■ **Assignment**:
Could you print the stretch of lines below from the one with "Bundle and save!" through the one with "ColourPop Pretty Fresh", exactly as they stand and without any pictures?

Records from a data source
================================
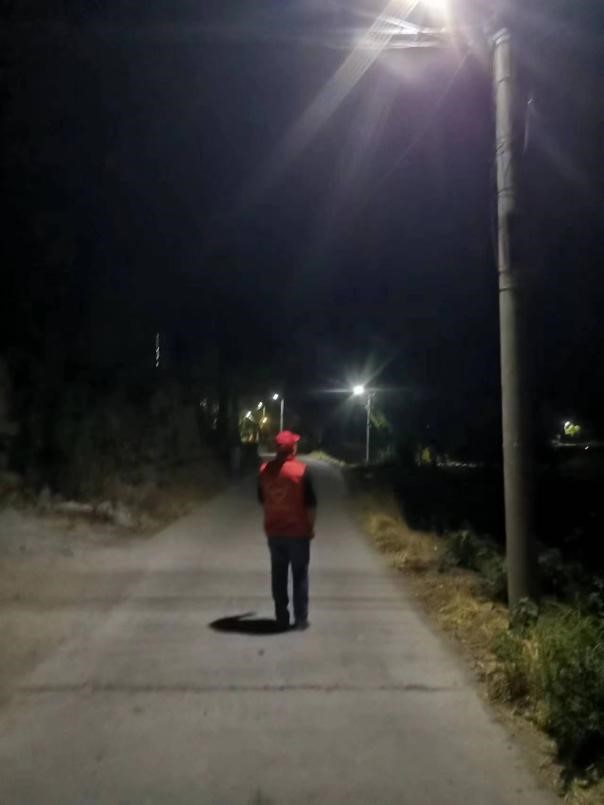 记霞塘云的校长们在抗疫一线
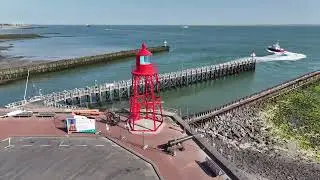 Vuurtoren Keizersbolwerk gerestaureerd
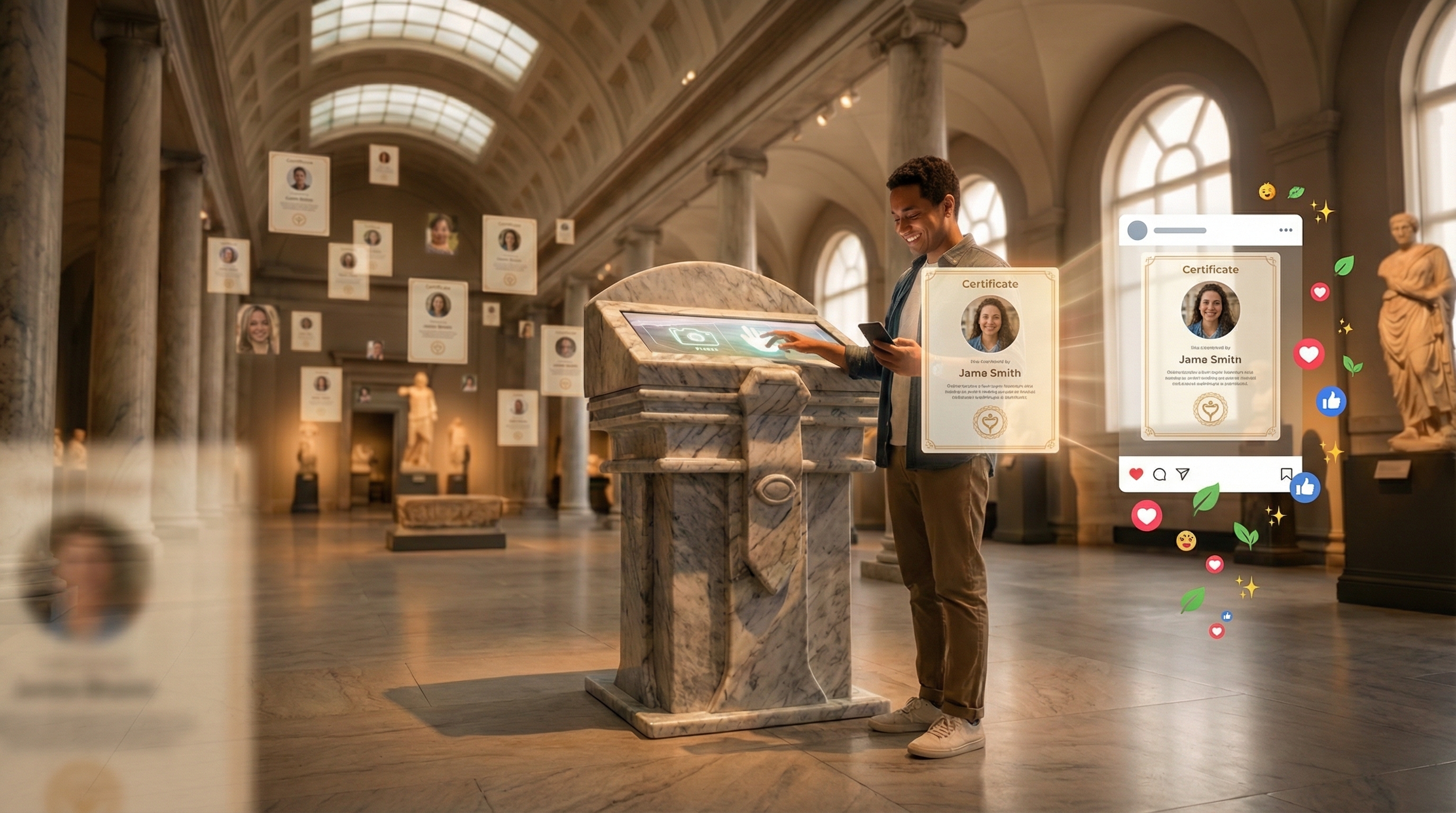 CommitHub Ecosystem in Cultural Institution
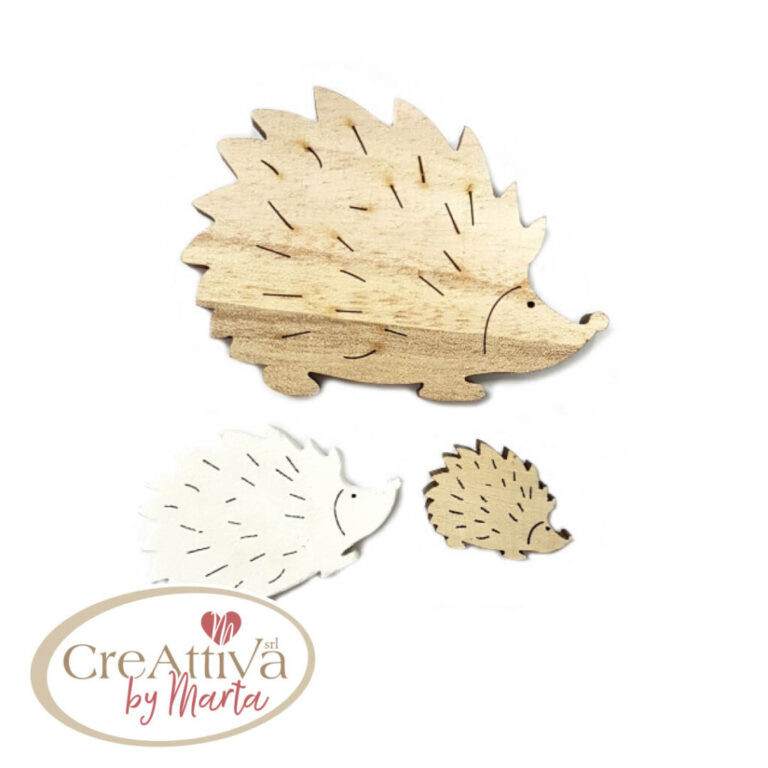 Assortimento 18 Pezz I Riccio In Legno Misure Miste – 86Dec021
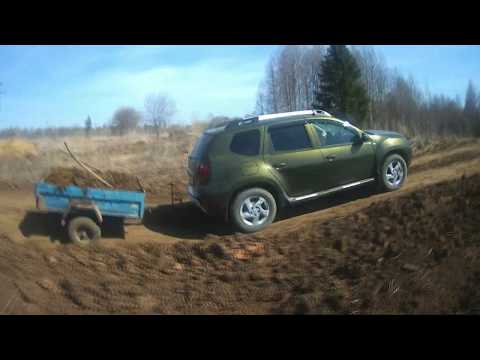 В своей стихии Renault Duster Dci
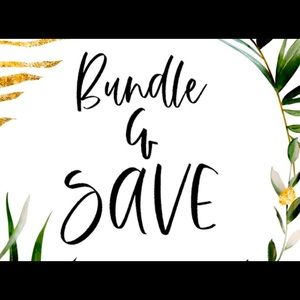 Bundle and save!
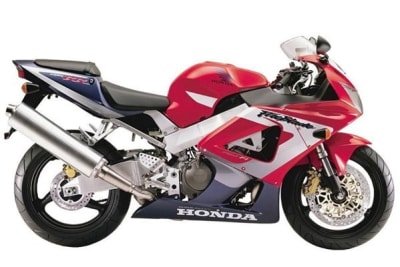 Motorcycle Fairings Kit - 2000-2001 Honda CBR929RR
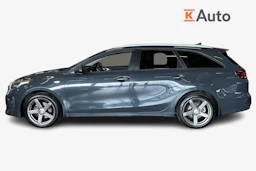 harmaa Kia Ceed 2020 kuva 5.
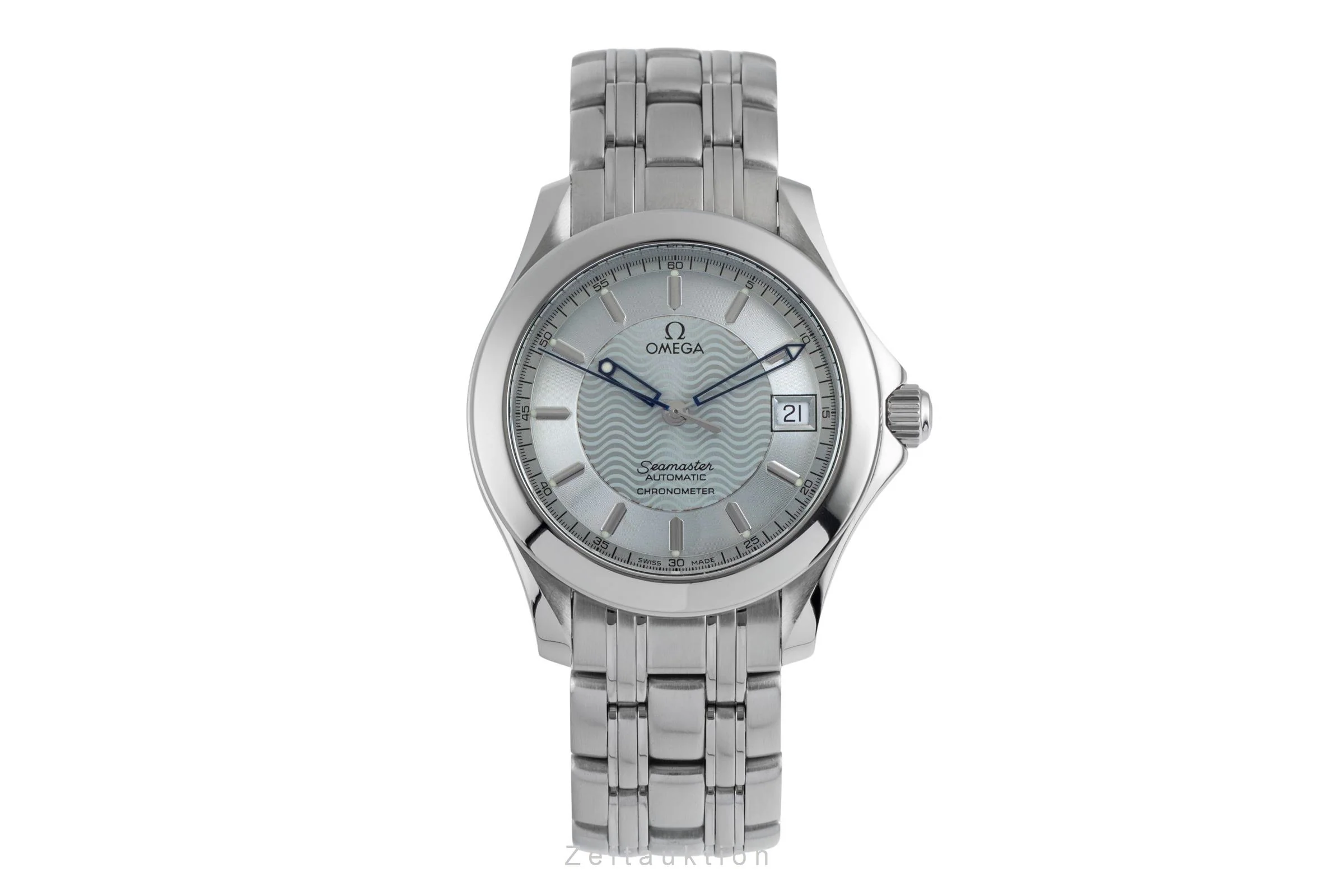 Omega Seamaster steel automatic men's watch 2501.31.00  [2503841] - Image 5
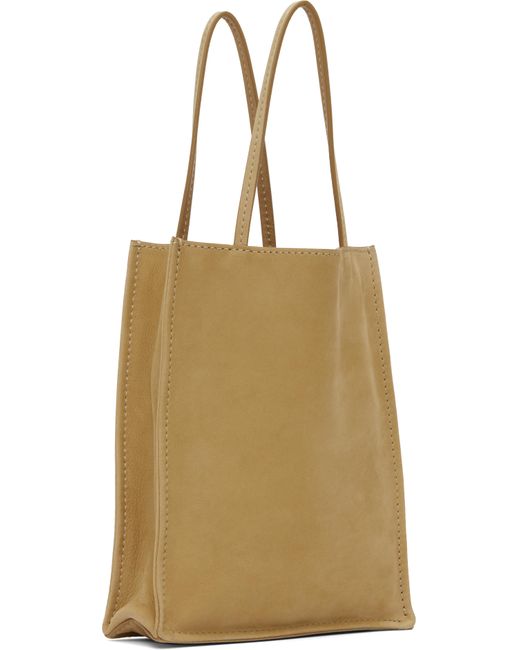 The Row Natural Small To Go Tote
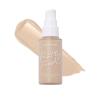 ColourPop Pretty Fresh Liquid Foundation – Hydrating Foundation with Medium, Buildable Coverage & a Natural Finish – Enriched with Hyaluronic Acid & Coconut Water – Deep Dark 190W (1 oz)(Light 45W)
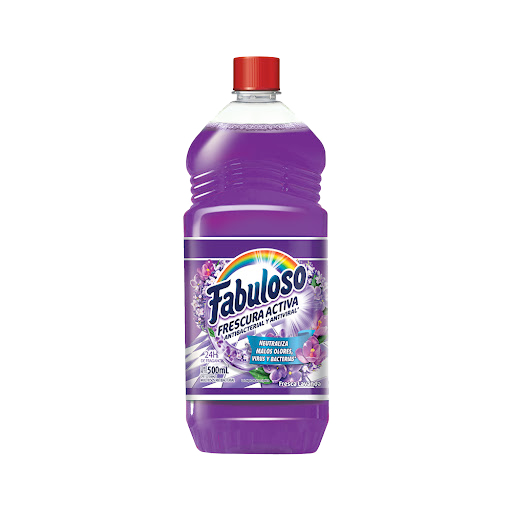LIMPIADOR FABULOSO LAVANDA 500ML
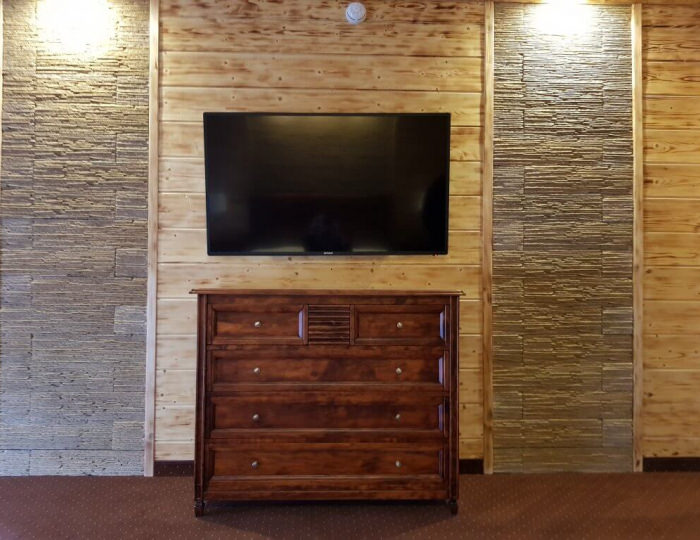 Люкс 2 местный 2 комнатный мансарный  в коттеджах NEW - Отель «Прометей Клуб»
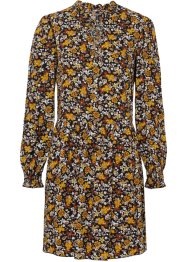 Robe-chemise à imprimé fleuri en viscose, RAINBOW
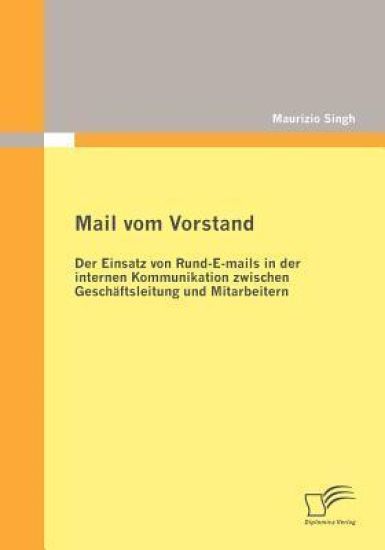 Mail vom Vorstand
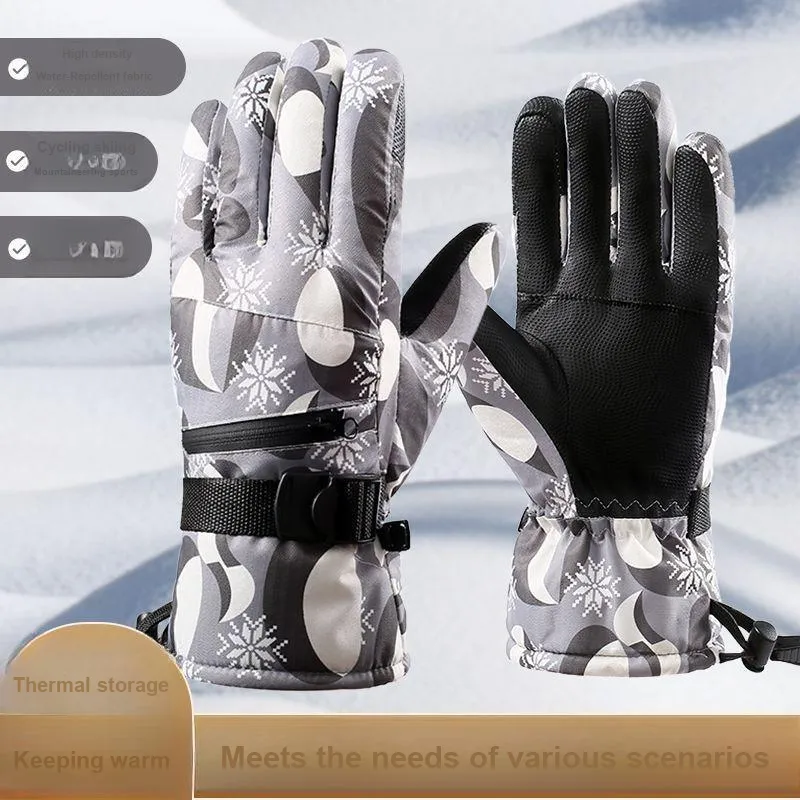 Famous ships Ski Gloves-1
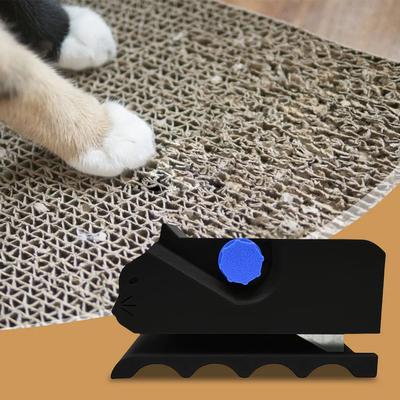 Katzenkratzbaum Schneidwerkzeug Karton Recycling Werkzeug Cartoon 3D Druck Karton Streifenschneider für Katzenkratzbäume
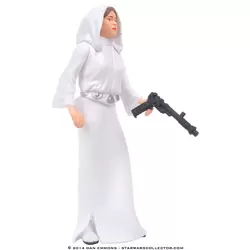 Princess Leia Organa with Sporting Blaster (Commtech)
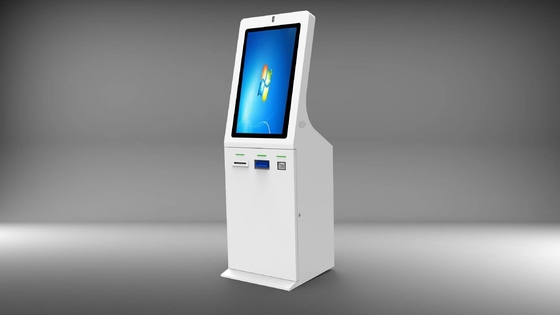 As 1200 notas autônomas compram e vendem a máquina do quiosque de Bitcoin ATM 32 polegadas
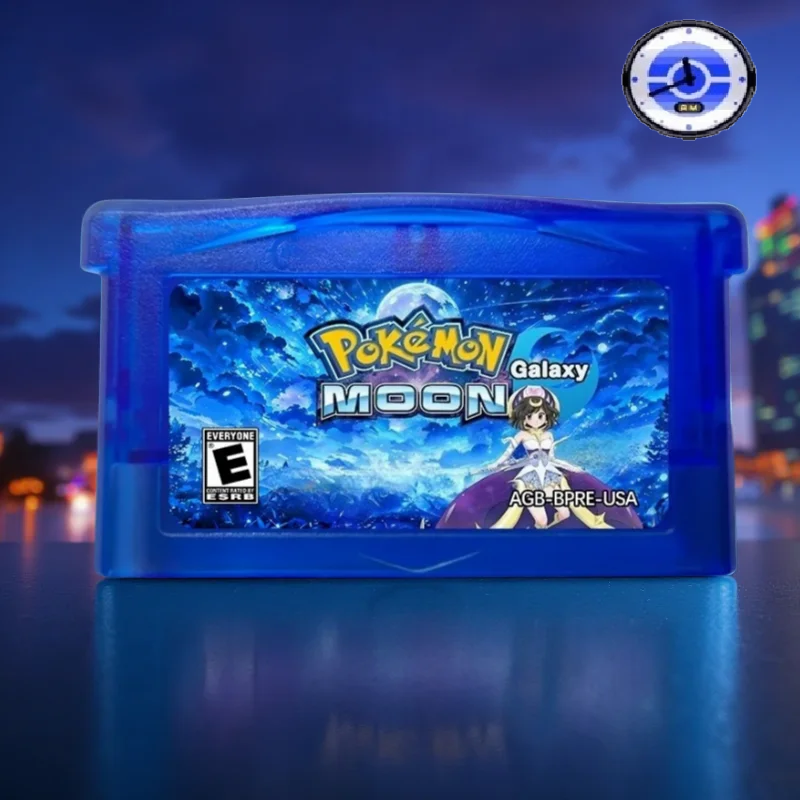 Pokemon Moon Galaxy Glazed Cry - Rom Cartridge Flash recensie en prijs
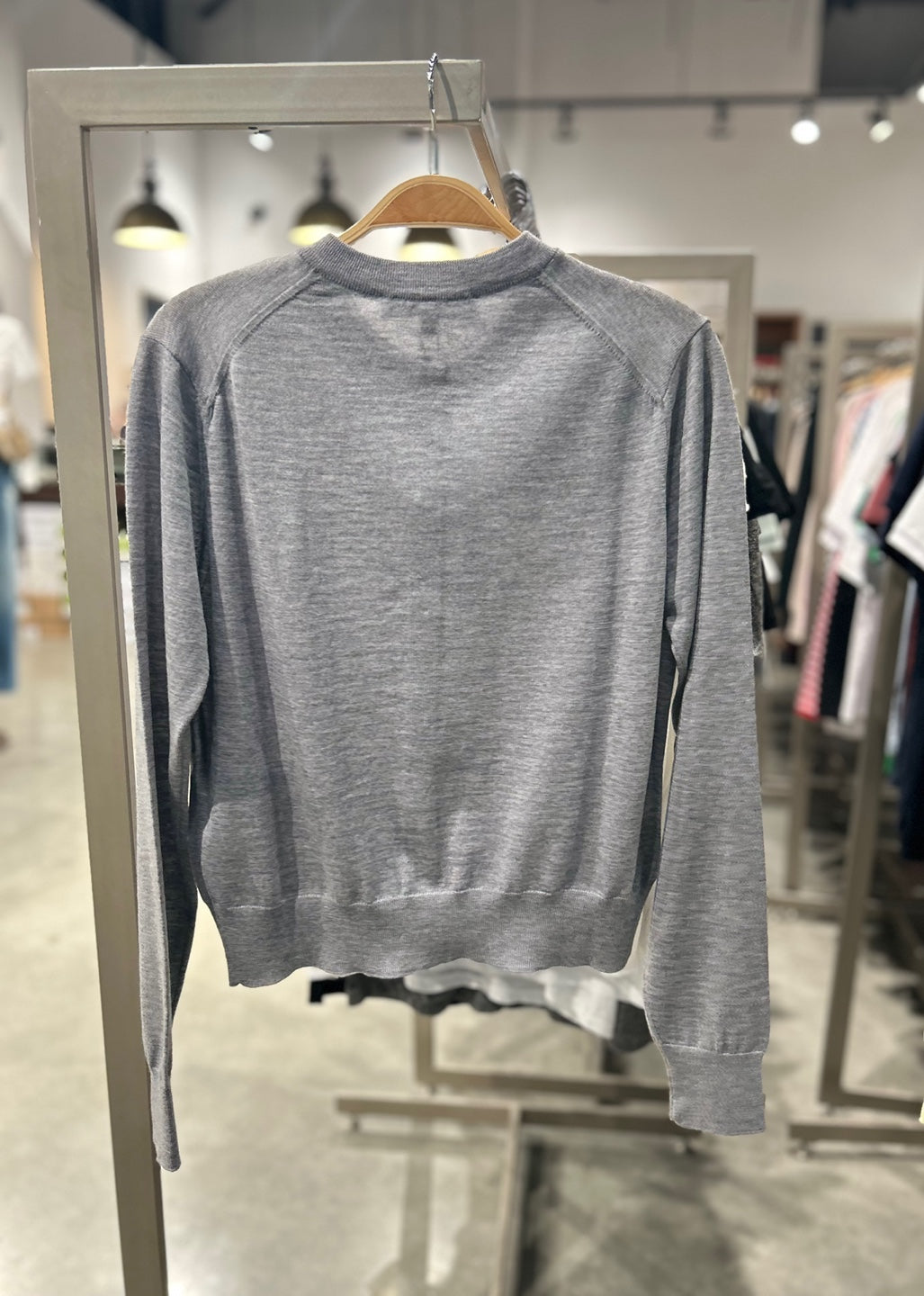 Maison Kitsuné Baby Fox Patch Regular Cardigan (MW00507KT1036)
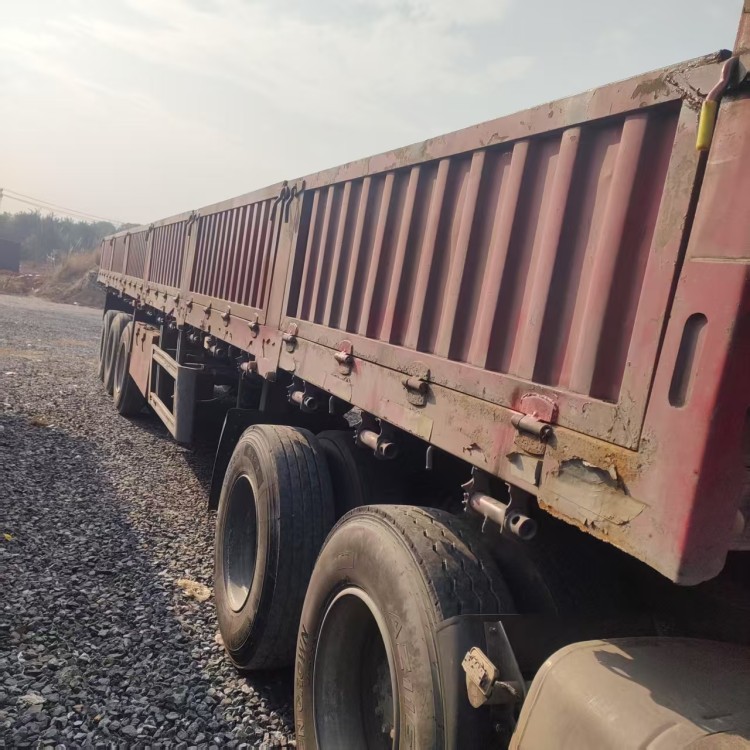 二手陕汽德龙L3000自卸车 工程车6*4翻斗车 300马力 后翻卡车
================================
■ **Output of the task**:
 Bundle and save!
 Motorcycle Fairings Kit - 2000-2001 Honda CBR929RR
 harmaa Kia Ceed 2020 kuva 5.
 Omega Seamaster steel automatic men's watch 2501.31.00  [2503841] - Image 5
 The Row Natural Small To Go Tote
 ColourPop Pretty Fresh Liquid Foundation – Hydrating Foundation with Medium, Buildable Coverage & a Natural Finish – Enriched with Hyaluronic Acid & Coconut Water – Deep Dark 190W (1 oz)(Light 45W)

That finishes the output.